Last year the tyres were durable enough for most to do a one-stop. This year is likely to be more like 2014 where there was little to choose between one and two stops in race time although a two stop was clearly preferable if you could run in clear air at the front.
Canadian Grand Prix in numbers
Montreal is a race that tends to feature close finishes, according to F1 statistician Virtual Statman. In the last 13 runnings of the Canadian GP, eight of them have been won by a margin of less than three seconds.
Lewis Hamilton made another piece of history in Monaco as he moves closer to some all time great records. His win meant that he has now won at least one race in each of the last 10 consecutive seasons. Only Alain Prost and Michael Schumacher have achieved that. He has also now led 87 different Grands Prix, more than Ayrton Senna and second only to Michael Schumacher who led 142 races.
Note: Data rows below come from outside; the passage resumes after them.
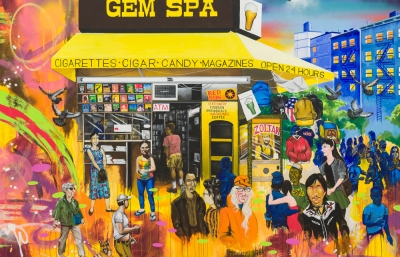 Chris “Daze” Ellis "Orchid Rain on the Underground" @ PPOW Gallery, NYC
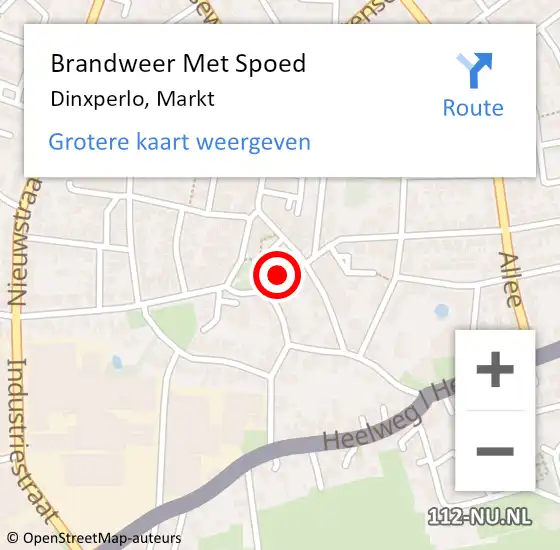 Locatie op kaart van de 112 melding: Brandweer Met Spoed Naar Dinxperlo, Markt op 26 februari 2022 09:35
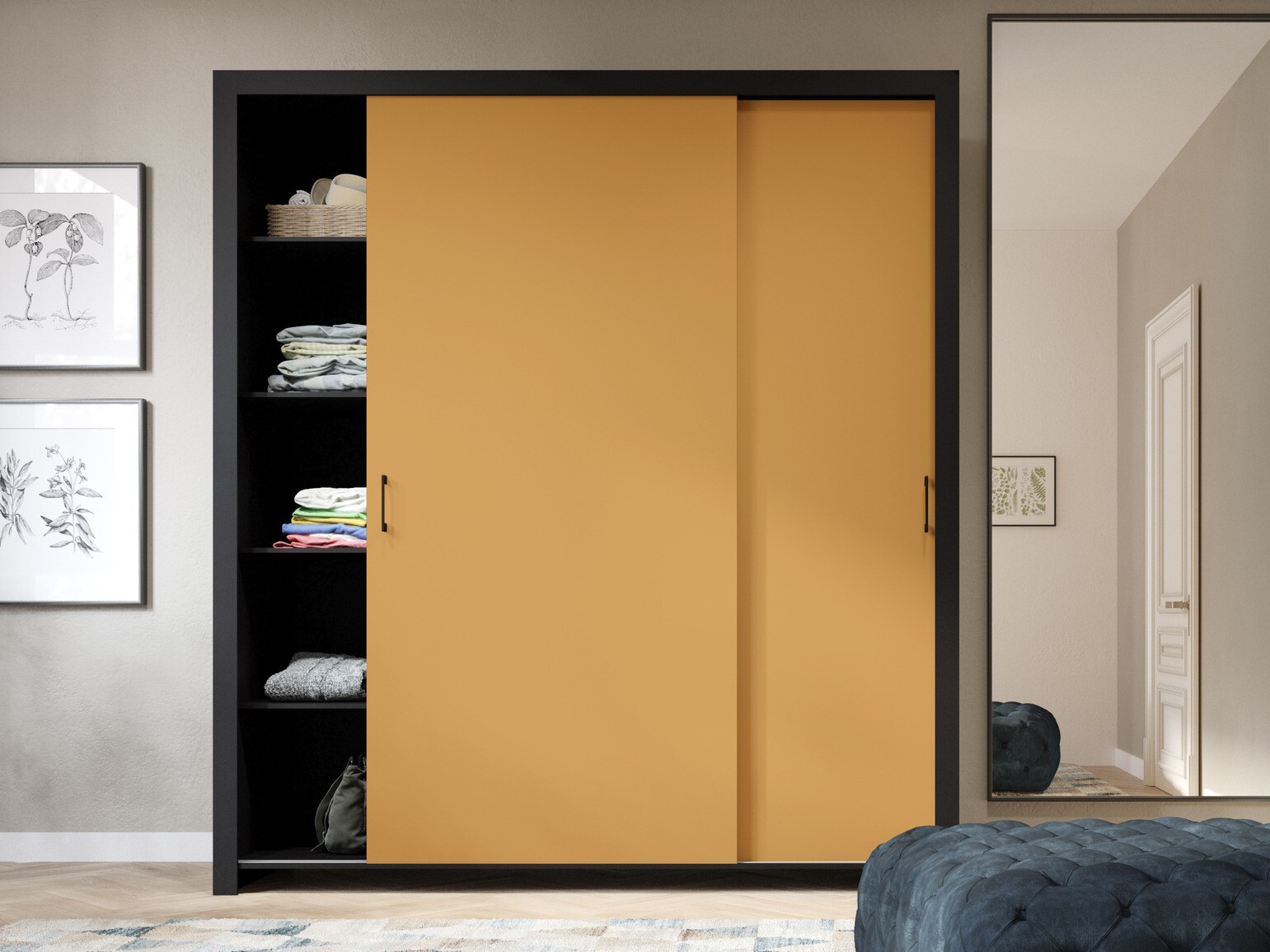 Ormar Murrieta 192 (Crna + Žuta)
Hamilton is closing in on Senna’s tally of 65 pole positions, he is now on 52.
Hamilton is the form man at Montreal with four wins there. He is also chasing a front row start there for the fifth season in a row. Red Bull and Mercedes are now tied on 58 pole positions each, so the battle on Saturday should be intense.
Although Montreal is a power circuit, there is a big emphasis on mechanical grip out of low speed corners, which is where the Red Bull excels. With the new Renault power unit having made a successful debut in Monaco, it should give the team a boost of around 0.4s a lap compared to the old unit. This won’t be enough to put the engine on a par with the Mercedes, but the combination of factors should put Red Bull into a position to challenge Mercedes there.
Ferrari has fallen back a little of late, with tyre management issues and a deficit on mechanical grip being a couple of areas of concern. However traditionally they bring a big update to Canada, so we will see how they perform this weekend. The last update in Russia, did not move them closer to Mercedes, which was demoralising. They cannot afford to have another update that is matched by Mercedes and which keeps them at arms length.